The Joining Force Alliance, a coalition of six large organisations focusing on children’s rights, issued a report yesterday praising Cambodia’s achievements in defending children’s rights over the past three decades.
The report, entitled Unlocking Cambodia’s Future, said Cambodia was able to address many issues surrounding children’s rights in just 30 years, while it took up to a century for many other nations to accomplish the same.
It said Cambodia has been able to develop its health sector, create a more resilient workforce, grow the economy and reduce poverty.
The report presents six priority initiatives needed for investment in child rights. They are: Improving access to quality early childhood education, combatting poor access to quality education, addressing child abuse, reducing malnutrition, improving access to drinking water, sanitation and hygiene and including children in decision-making processes.

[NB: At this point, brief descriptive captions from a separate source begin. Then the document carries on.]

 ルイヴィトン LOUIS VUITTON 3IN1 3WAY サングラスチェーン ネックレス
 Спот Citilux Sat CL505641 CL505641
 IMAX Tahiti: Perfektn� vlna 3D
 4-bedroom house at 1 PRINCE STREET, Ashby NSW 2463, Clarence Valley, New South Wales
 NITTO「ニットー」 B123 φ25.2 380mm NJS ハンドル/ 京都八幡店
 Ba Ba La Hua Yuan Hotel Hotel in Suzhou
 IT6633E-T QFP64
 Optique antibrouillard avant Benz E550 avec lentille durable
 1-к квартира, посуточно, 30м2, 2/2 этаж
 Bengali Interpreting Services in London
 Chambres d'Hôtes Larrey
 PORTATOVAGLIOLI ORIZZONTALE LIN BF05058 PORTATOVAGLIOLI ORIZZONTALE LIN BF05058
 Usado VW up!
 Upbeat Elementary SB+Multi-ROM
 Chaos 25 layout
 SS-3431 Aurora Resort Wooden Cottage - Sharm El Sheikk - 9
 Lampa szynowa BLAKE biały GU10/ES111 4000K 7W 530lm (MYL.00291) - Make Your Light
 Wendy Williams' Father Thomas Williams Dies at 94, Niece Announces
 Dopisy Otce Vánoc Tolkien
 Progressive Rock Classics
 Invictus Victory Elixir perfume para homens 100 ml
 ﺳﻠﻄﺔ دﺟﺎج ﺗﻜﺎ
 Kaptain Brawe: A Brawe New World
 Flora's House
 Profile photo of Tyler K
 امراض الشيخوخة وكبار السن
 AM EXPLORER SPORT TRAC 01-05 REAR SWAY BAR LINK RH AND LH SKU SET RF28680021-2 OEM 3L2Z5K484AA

The report said if Cambodia aims to become a high-income country by 2050, the Kingdom will need to sustain high-level economic growth for decades and children today will play a greater role tomorrow.
Daniel Selvanyagam, national director of World Vision International Cambodia and chairman of the JFA, yesterday said it is important for countries to defend children’s rights and provide opportunities for them because they are the future.
“Children need the… good nutrition, quality education, sanitation and participation to reach their full potential in life and contribute to the development of the country,” Mr Selvanyagam said. “Too many children are deprived of these rights today and it is holding back the economic and human development of the country.”
Oun Ing, a child from Ratanakiri province, yesterday said children need access to schools, good hygiene and decent living.
“Children need their right to live, study and be clean,” she said. “And stop violence against children.”
Kimthan Yi, country director of Plan International Cambodia, yesterday said migration, climate change, tourism and technology could negatively affect children.
“These things could make children vulnerable and face exploitation,” Mr Yi said. “Countries require more action and investment so children’s rights are guaranteed.”
The government in June set a goal to end child labour in the Kingdom, especially in the brick-manufacturing sector by next year.
Labour Ministry spokesman Heng Sour at the time reminded employers that the law prohibits the use of child labour.
“We will start inspecting brick manufacturing sites throughout the Kingdom from now until October to educate employers and workers on the labour laws and remind them that child labour is strictly banned,” Mr Sour said.
He said that there were 427 brick manufacturing facilities across the country and the ministry’s officials will inspect all of them to ensure no child is employed.
“We are going all out to meet our target of having no child labour in the brick manufacturing sector by 2020,” Mr Sour noted. “Those who use child labour and any person, including brick manufacturing facility owners, supervisors and parents who bring children into the production lines will be committing a serious criminal offence.”